June is Pride Month and an important time to show support for historically marginalized LGBTQIA+ employees. As with Mental Health Awareness Month, it’s a time to amplify voices, share resources, and break down stigma. Also similar to mental health, it’s important to make for employers to continue these conversations throughout the year.
Over 8 million workers in the U.S. identify as members of the LGTBQIA+ community. While attitudes towards sexual orientation and gender identity in the workplace have progressed in past decades, there are still many challenges, according to a 2021 study by the Williams Institute.
- Almost 46% of LGBT workers reported unfair treatment at work because of their sexual orientation or gender.
- 31% of LGBT respondents experience harassment in the past 5 years.

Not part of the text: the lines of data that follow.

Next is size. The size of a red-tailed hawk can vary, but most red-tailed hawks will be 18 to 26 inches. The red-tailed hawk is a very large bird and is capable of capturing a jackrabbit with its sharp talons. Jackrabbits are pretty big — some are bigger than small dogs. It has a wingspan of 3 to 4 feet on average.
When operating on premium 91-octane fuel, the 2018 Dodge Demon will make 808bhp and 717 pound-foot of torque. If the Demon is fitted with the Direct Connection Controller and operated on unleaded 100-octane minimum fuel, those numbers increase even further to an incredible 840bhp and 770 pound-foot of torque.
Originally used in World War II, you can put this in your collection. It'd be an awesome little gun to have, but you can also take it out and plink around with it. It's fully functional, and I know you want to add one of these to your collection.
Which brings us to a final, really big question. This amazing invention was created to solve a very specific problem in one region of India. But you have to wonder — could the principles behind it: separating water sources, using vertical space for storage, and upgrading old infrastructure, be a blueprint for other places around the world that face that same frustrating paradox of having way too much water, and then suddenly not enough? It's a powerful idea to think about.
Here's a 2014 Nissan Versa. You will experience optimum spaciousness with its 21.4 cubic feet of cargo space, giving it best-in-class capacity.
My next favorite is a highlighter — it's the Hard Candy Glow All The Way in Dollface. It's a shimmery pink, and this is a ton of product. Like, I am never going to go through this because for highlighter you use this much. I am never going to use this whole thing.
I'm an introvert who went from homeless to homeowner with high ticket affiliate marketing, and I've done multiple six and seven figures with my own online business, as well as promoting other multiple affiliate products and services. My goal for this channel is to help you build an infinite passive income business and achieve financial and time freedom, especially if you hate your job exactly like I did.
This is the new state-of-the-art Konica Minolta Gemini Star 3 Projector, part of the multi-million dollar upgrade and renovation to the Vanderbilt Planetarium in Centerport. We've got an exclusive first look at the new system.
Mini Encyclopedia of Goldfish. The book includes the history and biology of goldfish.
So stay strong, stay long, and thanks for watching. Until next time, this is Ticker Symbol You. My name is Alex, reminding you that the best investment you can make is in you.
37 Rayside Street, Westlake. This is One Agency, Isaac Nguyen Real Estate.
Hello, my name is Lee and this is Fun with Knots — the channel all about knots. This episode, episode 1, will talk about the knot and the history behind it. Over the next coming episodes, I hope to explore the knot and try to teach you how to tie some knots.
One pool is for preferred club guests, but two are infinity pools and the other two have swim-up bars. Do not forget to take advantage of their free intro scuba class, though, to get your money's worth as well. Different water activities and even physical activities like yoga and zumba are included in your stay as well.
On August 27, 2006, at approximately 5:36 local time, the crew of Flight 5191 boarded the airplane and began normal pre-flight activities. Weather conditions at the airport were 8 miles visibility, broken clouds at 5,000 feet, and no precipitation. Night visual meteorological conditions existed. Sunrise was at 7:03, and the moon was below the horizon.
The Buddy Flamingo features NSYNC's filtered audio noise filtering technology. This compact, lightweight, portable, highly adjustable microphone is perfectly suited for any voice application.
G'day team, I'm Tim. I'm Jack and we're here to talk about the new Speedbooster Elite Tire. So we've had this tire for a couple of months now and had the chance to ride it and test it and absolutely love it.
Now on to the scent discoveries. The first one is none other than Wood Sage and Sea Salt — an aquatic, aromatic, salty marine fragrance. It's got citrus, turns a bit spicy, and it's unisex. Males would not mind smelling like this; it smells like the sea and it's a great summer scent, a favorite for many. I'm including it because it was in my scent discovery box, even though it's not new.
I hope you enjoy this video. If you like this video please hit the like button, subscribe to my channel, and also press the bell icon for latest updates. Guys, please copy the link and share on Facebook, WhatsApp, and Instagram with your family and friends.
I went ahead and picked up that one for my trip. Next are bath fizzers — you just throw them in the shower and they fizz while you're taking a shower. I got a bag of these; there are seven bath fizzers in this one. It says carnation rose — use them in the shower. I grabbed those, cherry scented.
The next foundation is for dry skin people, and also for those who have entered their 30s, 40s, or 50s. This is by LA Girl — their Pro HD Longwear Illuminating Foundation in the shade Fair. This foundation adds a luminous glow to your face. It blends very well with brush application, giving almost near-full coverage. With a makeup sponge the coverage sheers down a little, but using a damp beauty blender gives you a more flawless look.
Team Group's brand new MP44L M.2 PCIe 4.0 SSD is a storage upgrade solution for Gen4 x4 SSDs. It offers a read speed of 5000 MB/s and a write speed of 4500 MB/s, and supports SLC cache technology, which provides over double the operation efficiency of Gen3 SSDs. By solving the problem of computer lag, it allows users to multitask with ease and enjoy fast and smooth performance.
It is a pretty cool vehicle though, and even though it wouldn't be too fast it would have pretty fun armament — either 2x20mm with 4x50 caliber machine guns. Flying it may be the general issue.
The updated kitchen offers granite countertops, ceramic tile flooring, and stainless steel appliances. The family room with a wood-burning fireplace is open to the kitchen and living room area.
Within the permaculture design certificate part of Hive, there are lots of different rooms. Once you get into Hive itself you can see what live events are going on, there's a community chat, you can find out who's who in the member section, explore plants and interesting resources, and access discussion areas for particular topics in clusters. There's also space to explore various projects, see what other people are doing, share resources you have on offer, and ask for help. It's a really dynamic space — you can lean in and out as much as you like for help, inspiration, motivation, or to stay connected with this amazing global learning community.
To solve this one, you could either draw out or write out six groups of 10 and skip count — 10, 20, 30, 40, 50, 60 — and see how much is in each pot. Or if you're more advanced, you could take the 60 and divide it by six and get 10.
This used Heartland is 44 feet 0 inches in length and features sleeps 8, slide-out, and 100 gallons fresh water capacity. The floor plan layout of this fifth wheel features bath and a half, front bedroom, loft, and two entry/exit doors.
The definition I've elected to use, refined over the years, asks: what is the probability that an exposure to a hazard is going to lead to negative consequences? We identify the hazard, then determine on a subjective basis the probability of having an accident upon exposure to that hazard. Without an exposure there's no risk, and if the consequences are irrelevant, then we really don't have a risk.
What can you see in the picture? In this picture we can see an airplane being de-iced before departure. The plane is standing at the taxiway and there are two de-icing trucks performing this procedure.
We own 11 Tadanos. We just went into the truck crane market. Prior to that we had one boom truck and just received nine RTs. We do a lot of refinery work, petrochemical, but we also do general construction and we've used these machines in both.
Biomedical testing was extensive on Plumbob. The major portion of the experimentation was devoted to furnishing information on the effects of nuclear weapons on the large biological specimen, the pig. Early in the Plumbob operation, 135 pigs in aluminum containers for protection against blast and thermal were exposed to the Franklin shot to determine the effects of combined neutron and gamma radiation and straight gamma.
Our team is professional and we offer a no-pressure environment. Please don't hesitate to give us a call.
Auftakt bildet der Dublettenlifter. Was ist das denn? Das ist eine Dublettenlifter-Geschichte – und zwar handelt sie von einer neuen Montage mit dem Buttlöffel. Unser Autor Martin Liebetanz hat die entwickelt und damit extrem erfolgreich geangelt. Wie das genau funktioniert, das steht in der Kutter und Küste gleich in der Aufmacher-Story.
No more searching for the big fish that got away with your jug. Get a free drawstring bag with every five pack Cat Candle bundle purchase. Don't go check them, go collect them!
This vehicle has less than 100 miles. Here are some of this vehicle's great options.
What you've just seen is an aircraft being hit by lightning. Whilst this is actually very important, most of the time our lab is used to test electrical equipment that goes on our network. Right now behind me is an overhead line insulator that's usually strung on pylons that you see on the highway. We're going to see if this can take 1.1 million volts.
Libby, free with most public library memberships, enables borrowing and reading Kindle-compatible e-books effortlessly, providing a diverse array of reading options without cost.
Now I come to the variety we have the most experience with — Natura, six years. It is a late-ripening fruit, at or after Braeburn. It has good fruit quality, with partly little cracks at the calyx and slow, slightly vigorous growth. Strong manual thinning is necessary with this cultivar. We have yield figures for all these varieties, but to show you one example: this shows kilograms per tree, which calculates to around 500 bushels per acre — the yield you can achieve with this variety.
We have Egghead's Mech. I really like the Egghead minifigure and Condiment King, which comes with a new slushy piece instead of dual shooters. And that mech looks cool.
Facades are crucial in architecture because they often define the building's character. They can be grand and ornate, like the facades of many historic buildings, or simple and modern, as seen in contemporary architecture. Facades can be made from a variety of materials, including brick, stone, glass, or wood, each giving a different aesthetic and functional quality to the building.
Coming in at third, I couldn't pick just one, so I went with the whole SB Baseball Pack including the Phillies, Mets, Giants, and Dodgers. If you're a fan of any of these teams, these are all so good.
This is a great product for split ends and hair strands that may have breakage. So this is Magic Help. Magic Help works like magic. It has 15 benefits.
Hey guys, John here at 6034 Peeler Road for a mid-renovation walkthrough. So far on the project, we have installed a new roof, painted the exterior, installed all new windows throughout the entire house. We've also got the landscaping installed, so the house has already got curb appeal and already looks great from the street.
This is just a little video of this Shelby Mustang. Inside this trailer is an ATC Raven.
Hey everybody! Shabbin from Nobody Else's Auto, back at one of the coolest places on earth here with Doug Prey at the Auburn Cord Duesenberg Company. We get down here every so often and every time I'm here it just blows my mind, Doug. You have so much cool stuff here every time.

Unfair treatment or harassment can be direct, like not getting a promotion because you’re gay or being fired because your trans (this is also illegal). It could be harassment from other employees, including sexual harassment, bullying, or both. Or it could be a hostile work environment that promotes or doesn’t discourage the use of derogatory words. For example maybe an employee isn’t directly calling another employee a derogatory term, but they may use those terms when telling jokes or stories. All of these examples take their toll on the health and wellbeing of your LGBTQIA+ employees.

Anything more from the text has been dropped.